The site was selected in the early 1830s by George and Robert Stephenson, engineers of the London and Birmingham Railway. The area was then mostly farmland at the edge of the expanding city of London. The station was named after Euston Hall
in Suffolk, the ancestral home of the Dukes of Grafton, who were the main landowners in the area.
Objections to the station by local farmers meant that, when the Act authorising construction of the line was passed in 1833, the terminus was relocated to Chalk Farm. However, these objections were overcome, and in 1835 an Act authorising construction of the station at its originally planned site was passed, and construction went ahead.
The original station was built by William Cubitt. It was designed by the classically trained architect Philip Hardwick and initially it had only two platforms, one for departures and one for arrivals. Also designed by Hardwick was a 72 foot-high Doric propylaeum, the largest ever built, erected at the entrance as a portico and which became known as the Euston Arch
The station grew rapidly over the following years as traffic increased. It was greatly expanded in the 1840s, with the opening in 1849 of the spectacular Great Hall, designed by Hardwick's son Philip Charles Hardwick in classical style.

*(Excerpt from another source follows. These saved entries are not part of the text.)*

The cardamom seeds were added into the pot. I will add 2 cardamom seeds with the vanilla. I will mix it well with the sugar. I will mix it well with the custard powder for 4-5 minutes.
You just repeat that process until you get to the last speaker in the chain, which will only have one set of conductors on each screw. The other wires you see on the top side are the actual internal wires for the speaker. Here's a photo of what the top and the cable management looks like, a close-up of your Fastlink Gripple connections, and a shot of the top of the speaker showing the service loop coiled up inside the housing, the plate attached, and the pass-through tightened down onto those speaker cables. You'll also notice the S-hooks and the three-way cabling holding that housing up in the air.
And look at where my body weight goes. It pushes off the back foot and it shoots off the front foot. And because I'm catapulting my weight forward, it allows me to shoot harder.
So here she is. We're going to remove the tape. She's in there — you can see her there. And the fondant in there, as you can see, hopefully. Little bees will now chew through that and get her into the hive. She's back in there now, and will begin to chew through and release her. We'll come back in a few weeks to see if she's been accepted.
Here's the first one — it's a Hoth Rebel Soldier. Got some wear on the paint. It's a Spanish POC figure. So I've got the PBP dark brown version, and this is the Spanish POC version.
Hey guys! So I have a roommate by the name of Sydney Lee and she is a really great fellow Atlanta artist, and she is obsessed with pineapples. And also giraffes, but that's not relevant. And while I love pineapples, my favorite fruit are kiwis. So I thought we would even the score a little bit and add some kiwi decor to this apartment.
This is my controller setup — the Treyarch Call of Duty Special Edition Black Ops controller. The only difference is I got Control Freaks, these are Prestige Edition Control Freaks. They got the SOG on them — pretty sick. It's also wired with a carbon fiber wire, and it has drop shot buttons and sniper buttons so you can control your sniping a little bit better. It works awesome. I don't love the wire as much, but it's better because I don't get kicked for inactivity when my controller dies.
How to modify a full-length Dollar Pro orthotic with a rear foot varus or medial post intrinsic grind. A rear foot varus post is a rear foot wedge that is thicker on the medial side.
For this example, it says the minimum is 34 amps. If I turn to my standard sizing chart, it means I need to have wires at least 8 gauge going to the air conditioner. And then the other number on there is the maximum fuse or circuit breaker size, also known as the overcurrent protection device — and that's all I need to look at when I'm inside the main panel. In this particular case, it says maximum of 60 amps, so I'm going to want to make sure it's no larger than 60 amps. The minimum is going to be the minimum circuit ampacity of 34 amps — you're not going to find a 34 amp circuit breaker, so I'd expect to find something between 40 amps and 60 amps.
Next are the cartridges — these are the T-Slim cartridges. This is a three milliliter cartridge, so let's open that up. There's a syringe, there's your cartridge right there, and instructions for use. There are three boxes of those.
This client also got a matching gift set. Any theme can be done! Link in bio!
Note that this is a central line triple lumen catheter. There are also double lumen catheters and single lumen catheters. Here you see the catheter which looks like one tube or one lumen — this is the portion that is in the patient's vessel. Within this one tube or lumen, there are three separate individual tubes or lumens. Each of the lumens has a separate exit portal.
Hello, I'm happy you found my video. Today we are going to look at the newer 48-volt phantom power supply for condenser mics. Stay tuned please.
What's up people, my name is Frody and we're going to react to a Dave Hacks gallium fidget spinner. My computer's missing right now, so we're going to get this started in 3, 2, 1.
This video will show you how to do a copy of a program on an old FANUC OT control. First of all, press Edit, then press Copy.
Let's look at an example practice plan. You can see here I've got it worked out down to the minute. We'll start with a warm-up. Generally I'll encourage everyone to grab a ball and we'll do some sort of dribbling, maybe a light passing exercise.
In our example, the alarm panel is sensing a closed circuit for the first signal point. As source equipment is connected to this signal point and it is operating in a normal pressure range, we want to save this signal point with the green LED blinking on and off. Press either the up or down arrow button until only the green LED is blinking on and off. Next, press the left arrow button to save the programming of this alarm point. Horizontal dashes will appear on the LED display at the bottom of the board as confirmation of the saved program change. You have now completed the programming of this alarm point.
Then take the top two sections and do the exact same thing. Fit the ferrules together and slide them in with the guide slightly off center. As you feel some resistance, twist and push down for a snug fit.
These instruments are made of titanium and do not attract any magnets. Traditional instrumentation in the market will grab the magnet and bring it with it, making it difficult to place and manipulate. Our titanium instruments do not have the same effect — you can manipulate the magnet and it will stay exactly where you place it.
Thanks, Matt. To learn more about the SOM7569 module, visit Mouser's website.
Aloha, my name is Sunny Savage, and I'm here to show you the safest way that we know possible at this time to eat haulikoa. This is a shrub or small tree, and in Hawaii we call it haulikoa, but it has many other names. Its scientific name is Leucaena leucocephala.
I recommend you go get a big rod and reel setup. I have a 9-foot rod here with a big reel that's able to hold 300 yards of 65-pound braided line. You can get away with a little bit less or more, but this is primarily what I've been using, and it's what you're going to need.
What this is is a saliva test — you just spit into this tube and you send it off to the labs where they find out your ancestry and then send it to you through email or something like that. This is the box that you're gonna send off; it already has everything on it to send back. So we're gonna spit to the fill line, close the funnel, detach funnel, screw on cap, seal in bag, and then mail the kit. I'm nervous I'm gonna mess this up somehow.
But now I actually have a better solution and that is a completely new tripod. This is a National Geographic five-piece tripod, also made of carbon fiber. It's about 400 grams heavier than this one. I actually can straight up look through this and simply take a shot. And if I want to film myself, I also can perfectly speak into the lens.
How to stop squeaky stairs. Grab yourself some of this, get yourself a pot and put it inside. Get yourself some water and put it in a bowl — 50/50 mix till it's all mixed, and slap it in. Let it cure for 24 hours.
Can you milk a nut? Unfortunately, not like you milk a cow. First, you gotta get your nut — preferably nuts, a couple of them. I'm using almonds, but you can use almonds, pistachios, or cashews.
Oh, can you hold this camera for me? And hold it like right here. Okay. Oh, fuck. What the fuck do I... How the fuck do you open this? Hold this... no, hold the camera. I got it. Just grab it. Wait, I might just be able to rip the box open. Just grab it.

In the early 1960s it was decided that a larger station was required. Because of the restricted layout of track and tunnels at the northern end, enlargement could be accomplished only by expanding southwards over the area occupied by the Great Hall and the Arch. Amid much public outcry, the station building including the Arch was demolished in 1961-2 and replaced by a new building. Its opening in 1968 followed the electrification of the West Coast Main Line.
A few remnants of the older station remain: two Portland stone entrance lodges and a war memorial. A statue of Robert Stephenson by Carlo Marochetti, previously in the old ticket hall, stands in the forecourt.
On 12 May 1907 the City and South London Railway (C&SLR, now the Bank branch of the Northern Line) opened a station at Euston as the terminus of a new extension from its existing station at Angel.